BEGIN EXTRACTED RECORDS
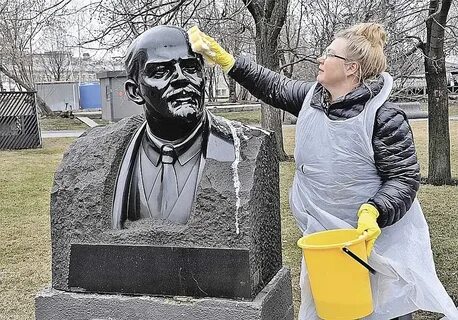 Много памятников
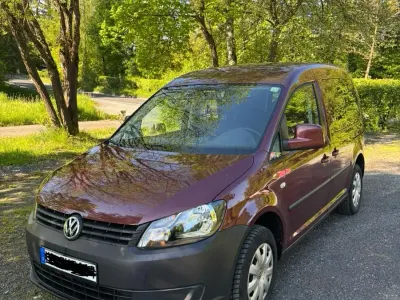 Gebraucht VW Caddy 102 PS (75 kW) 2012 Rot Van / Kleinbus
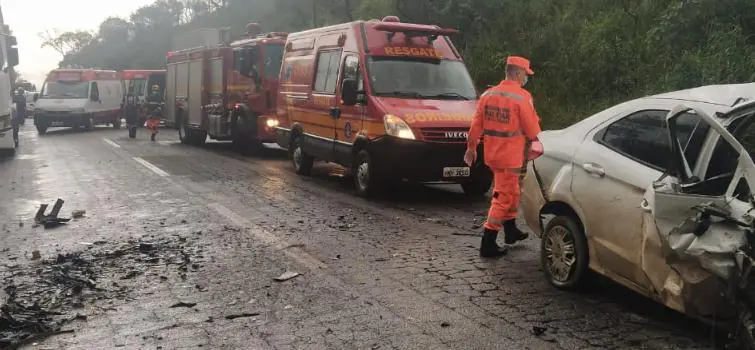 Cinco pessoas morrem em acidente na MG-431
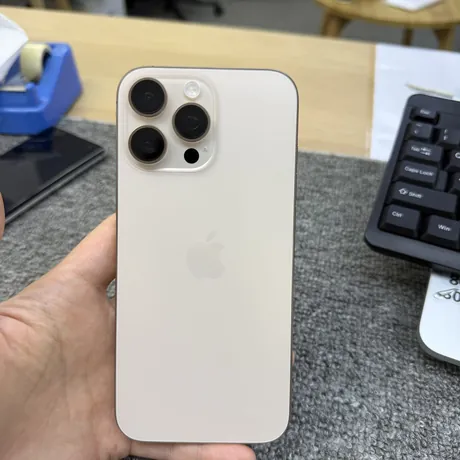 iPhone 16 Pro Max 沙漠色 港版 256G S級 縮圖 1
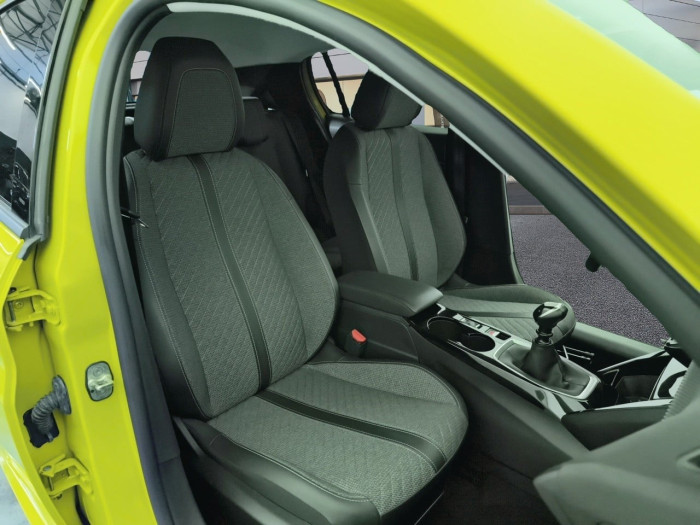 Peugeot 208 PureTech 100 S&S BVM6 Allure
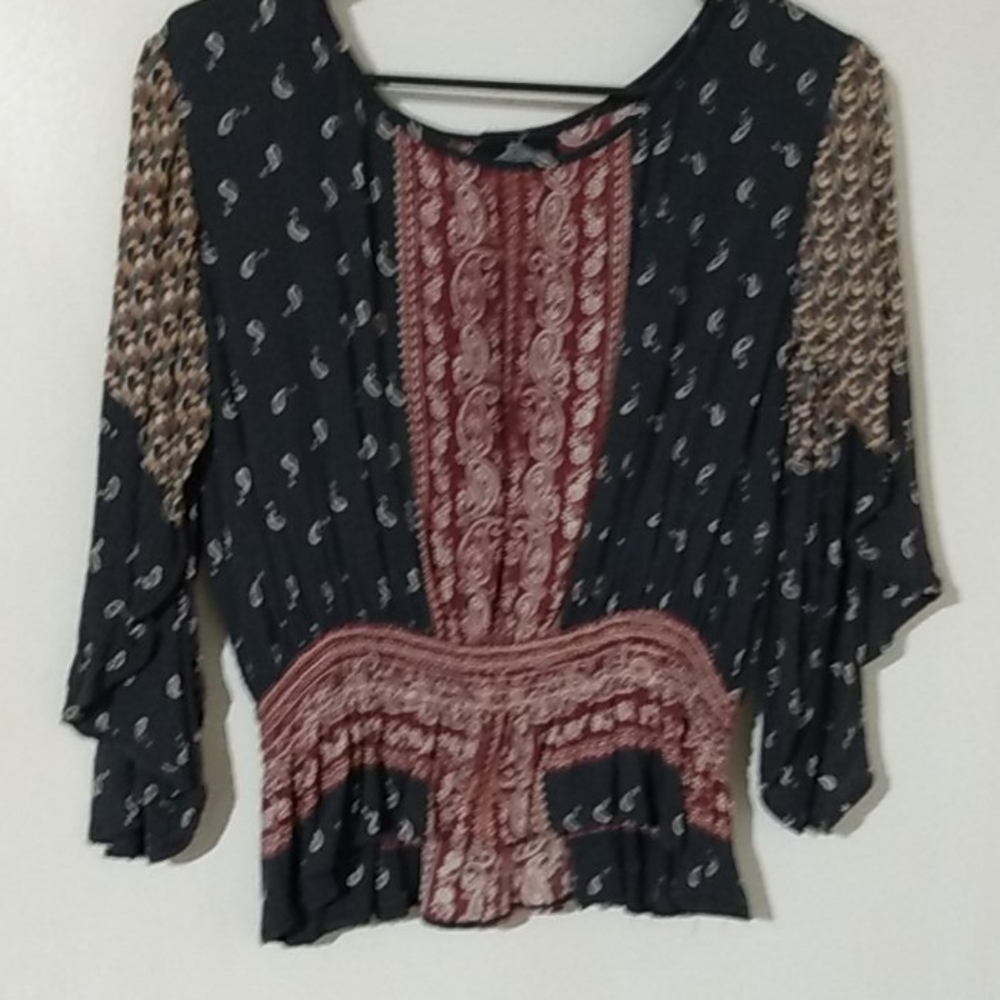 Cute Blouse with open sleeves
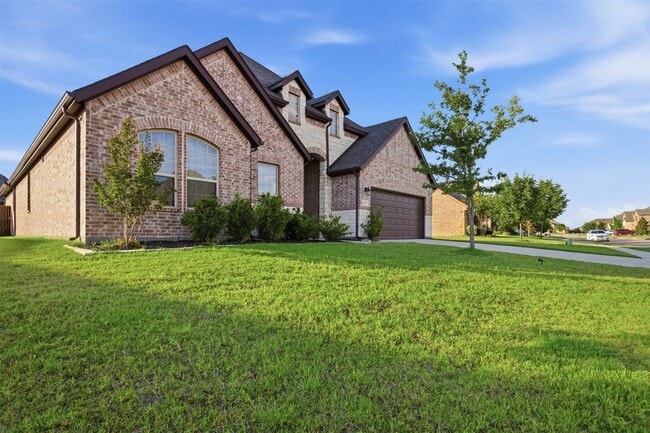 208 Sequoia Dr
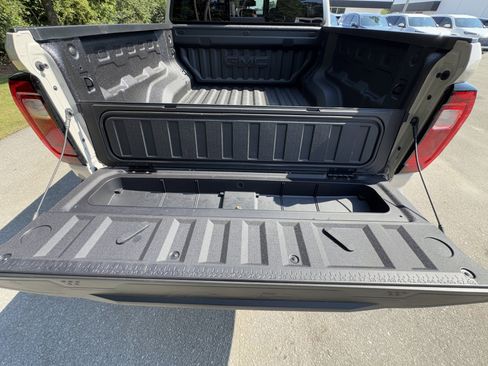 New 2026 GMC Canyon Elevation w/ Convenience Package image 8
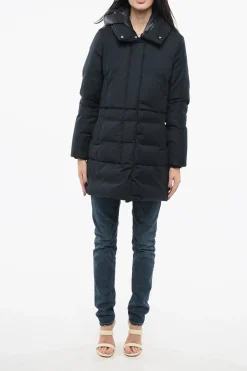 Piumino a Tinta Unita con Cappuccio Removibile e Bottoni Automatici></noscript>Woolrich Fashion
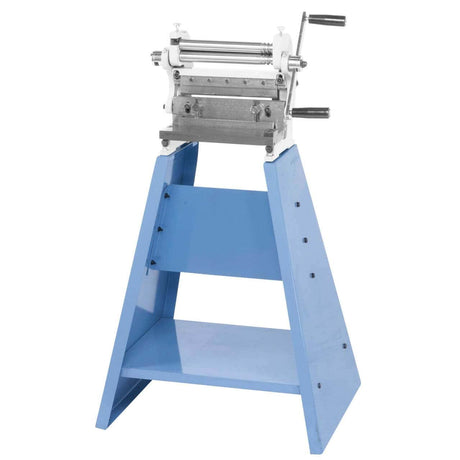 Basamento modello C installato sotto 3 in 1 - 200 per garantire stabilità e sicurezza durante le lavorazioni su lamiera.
END EXTRACTED RECORDS
**TASK OBJECTIVE**. Give back the material word for word and drop the pictures it holds.

**RESULT OF THIS EXERCISE**.
 Много памятников
 Gebraucht VW Caddy 102 PS (75 kW) 2012 Rot Van / Kleinbus
 Cinco pessoas morrem em acidente na MG-431
 iPhone 16 Pro Max 沙漠色 港版 256G S級 縮圖 1
 Peugeot 208 PureTech 100 S&S BVM6 Allure
 Cute Blouse with open sleeves
 208 Sequoia Dr
 New 2026 GMC Canyon Elevation w/ Convenience Package image 8
 Piumino a Tinta Unita con Cappuccio Removibile e Bottoni Automatici></noscript>Woolrich Fashion
 Basamento modello C installato sotto 3 in 1 - 200 per garantire stabilità e sicurezza durante le lavorazioni su lamiera.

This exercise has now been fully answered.